North Korea sentences U.S. student to 15 years of hard labor

By Park Sae-jin Posted : March 16, 2016, 17:09 Updated : March 16, 2016, 17:09

[AJU NEWS CORP DB]



In a move seen to further escalate tension with the United States, North Korea's supreme court has sentenced a detained American student to 15 years’ hard labor after finding him guilty of “crimes against the state.”

The sentence was handed down on Otto Warmbier, a 21-year-old economics student from the University of Virginia, by North Korea's Supreme Court, China’s official Xinhua news agency reported Wednesday in a brief dispatch datelined Pyongyang.

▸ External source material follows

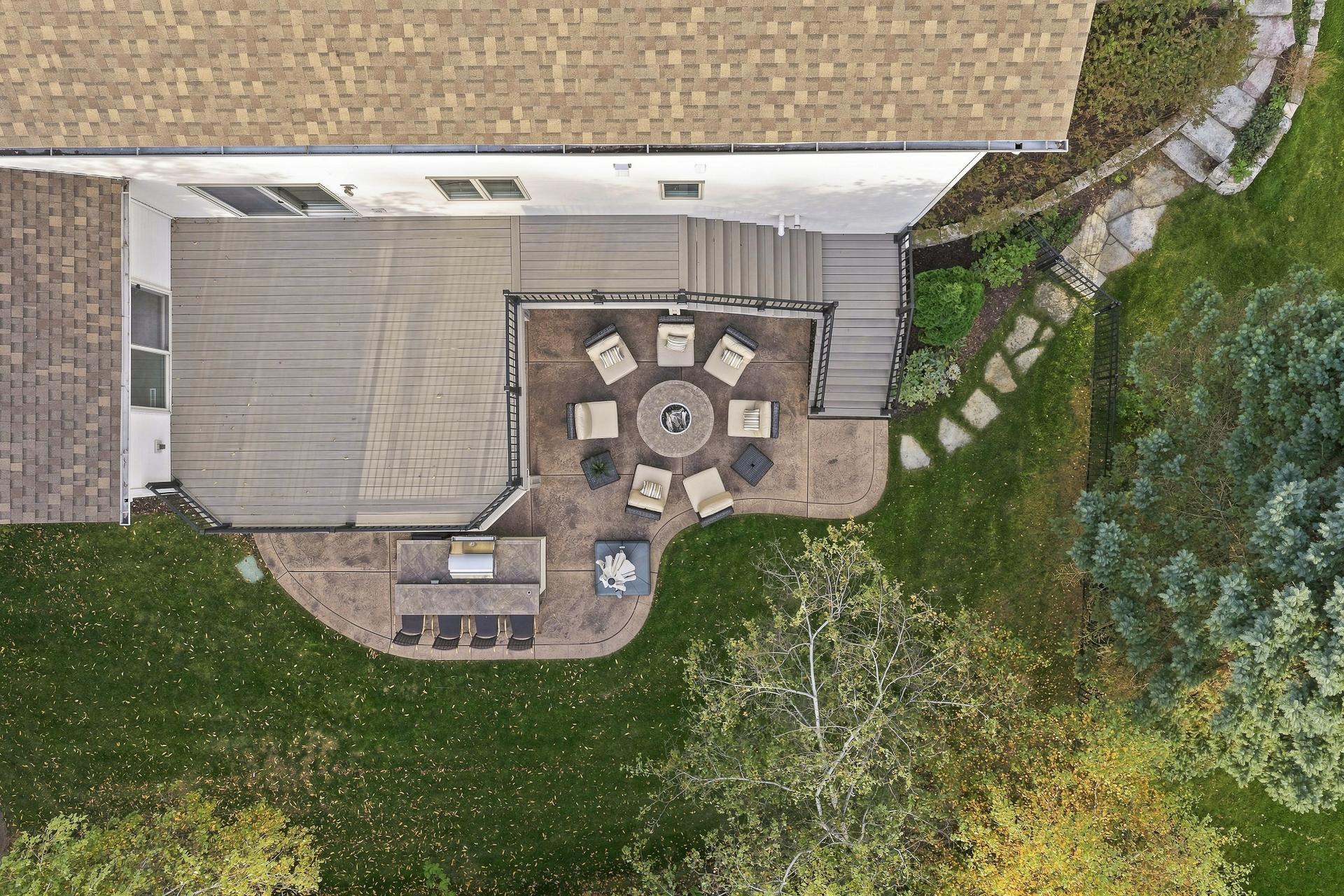 main property photo 79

Warmbier was detained by the North in January for trying to steal an item bearing a propaganda slogan from his hotel in Pyongyang and had confessed to crimes against the state, North Korean media reported last month. .

Warmbier’s conviction by the North’s supreme court comes at a sensitive time, as the United States took a leading role in securing a new round of U.N. sanctions in response to the North’s recent nuclear test and rocket launch.

Tensions on the Korean peninsula have risen in recent weeks following the start of the largest-ever joint military exercises involving American and South Korean troops. In response, Pyongyang has threatened to carry out tests of another nuclear warhead, as well as ballistic missiles capable of carrying nuclear bombs to the US and other targets.

North Korea has a long history of detaining foreigners and has used jailed Americans in the past to extract high-profile visits from the United States, with which it has no formal diplomatic relations.

It has previously handed down lengthy sentences to foreigners before freeing them.

Warmbier had entered North Korea as part of a New Year tour organised by China-based Young Pioneer Tours. He was arrested when the group was set to return to Beijing on January 2.

He is one of three North Americans currently detained in North Korea, which recently sentenced a 60-year-old Canadian pastor to life imprisonment with hard labour on sedition charges.

Detained foreigners are often required to make a public, officially-scripted acknowledgement of wrongdoing, and Warmbier was paraded in front of reporters and diplomats in Pyongyang last month.

Footage of the event showed a sobbing Warmbier pleading to be released and saying he had made "the worst mistake of my life".